_SUPPLIED DATA_:
┄┄┄┄┄┄┄┄┄┄

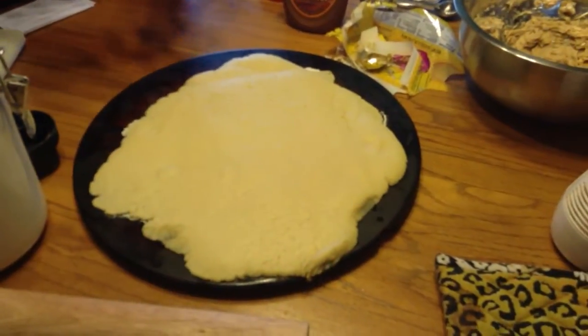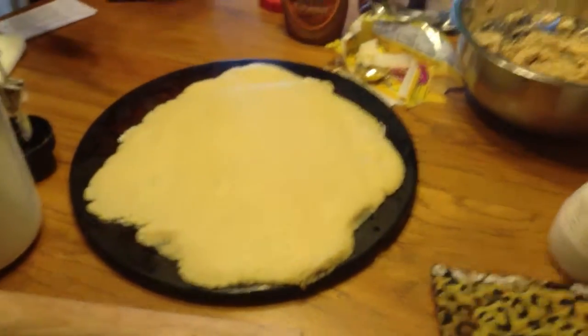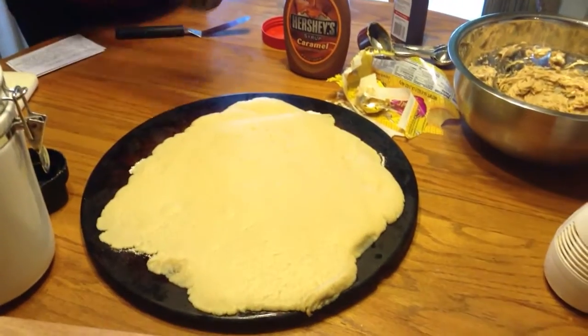Next, you get a baking stone and you sprinkle some flour on it and then you roll out the sugar cookie dough like so. Then, you put that in the oven for 16-18 minutes.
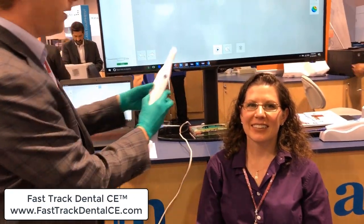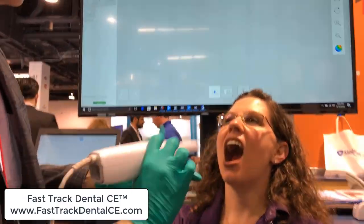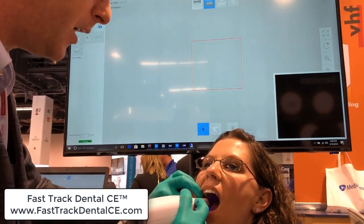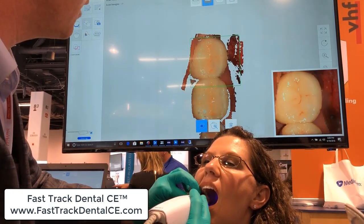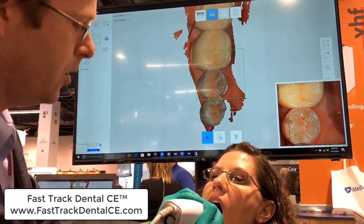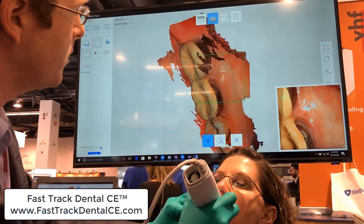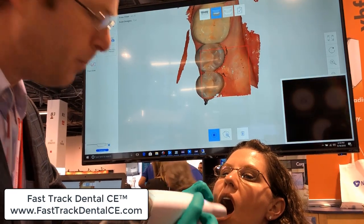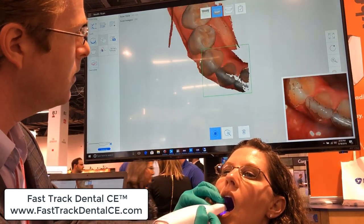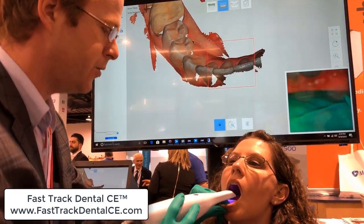Here we go. I'm going to come right here to the mouth. We've got our timer going. I'm going to hold it like a pen grasp — I find that a little bit easier than my Trios as well. Coming here to the occlusal surface, starting the scan on the occlusal. Same scan strategy as I would use for Trios: capture a bit of that occlusal arch, then go to the lingual, capturing all the way around — all those margins, all those edges. Take a little pause, come back to the occlusal, and slide all the way across, capturing buccal-lingual at the same time.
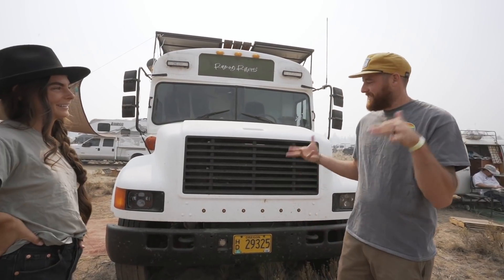I'm Kaelin, this is Kyle, and this is Cascade — our 1995 International school bus with the DT466 engine. We're going to start with the outside.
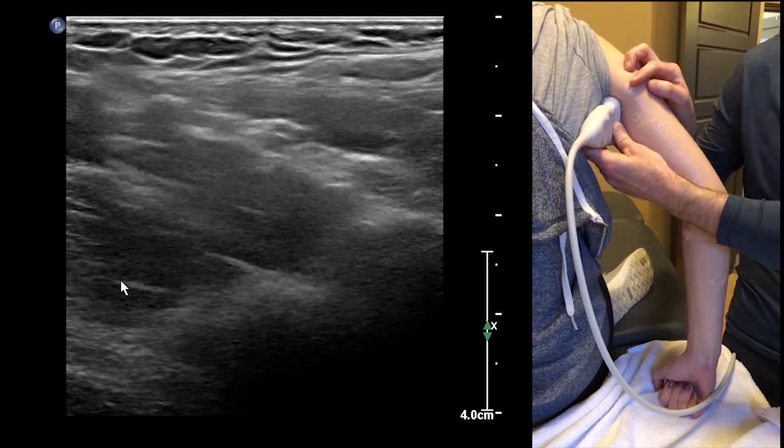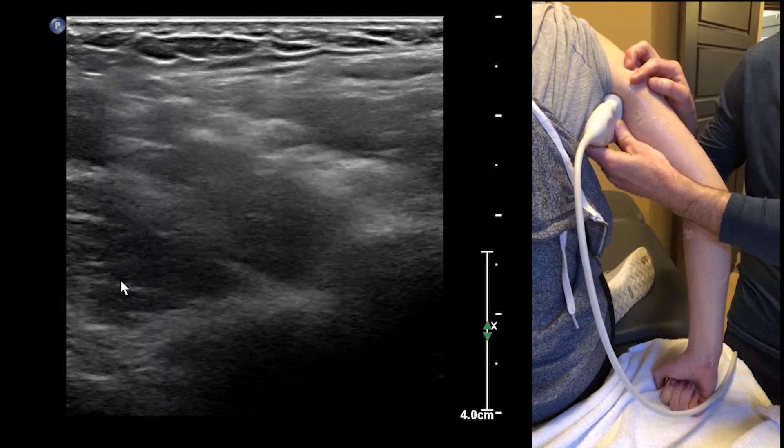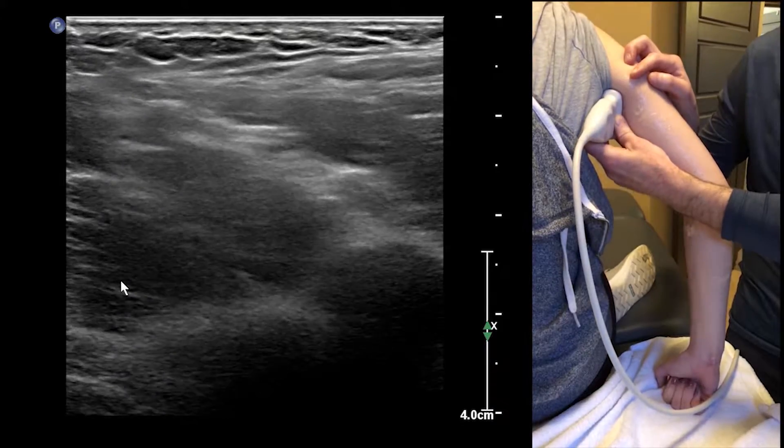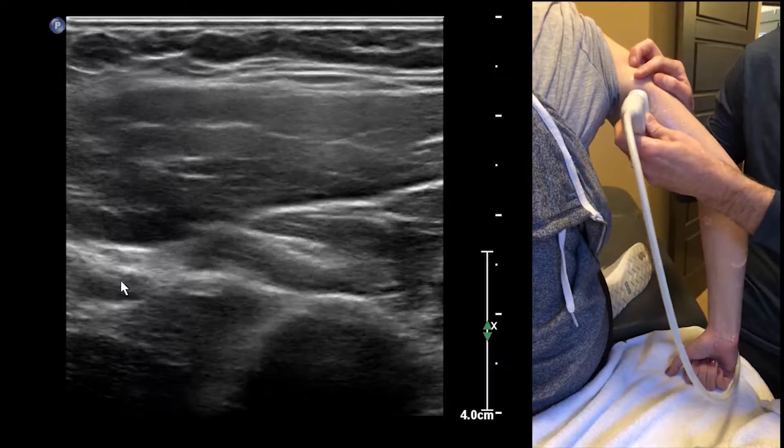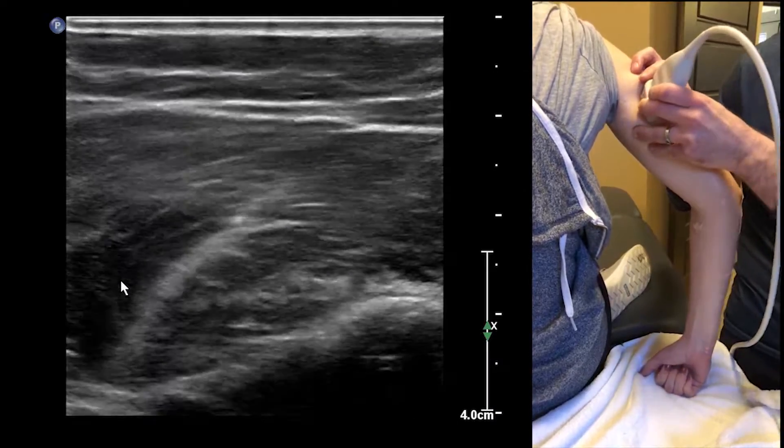There we go. Now we're basically up to the plexus. At this point if you want to get really close, you're going to have to abduct the arm. So we'll just follow it right back down again.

┄┄┄┄┄┄┄┄┄┄

_ASSIGNED TASK_:
Starting with the first line of the data, transcribe every line exactly through the one containing "Here we go. I'm". No pictures go in.

_EXERCISE SOLUTION_:
Next, you get a baking stone and you sprinkle some flour on it and then you roll out the sugar cookie dough like so. Then, you put that in the oven for 16-18 minutes.
Here we go. I'm going to come right here to the mouth. We've got our timer going. I'm going to hold it like a pen grasp — I find that a little bit easier than my Trios as well. Coming here to the occlusal surface, starting the scan on the occlusal. Same scan strategy as I would use for Trios: capture a bit of that occlusal arch, then go to the lingual, capturing all the way around — all those margins, all those edges. Take a little pause, come back to the occlusal, and slide all the way across, capturing buccal-lingual at the same time.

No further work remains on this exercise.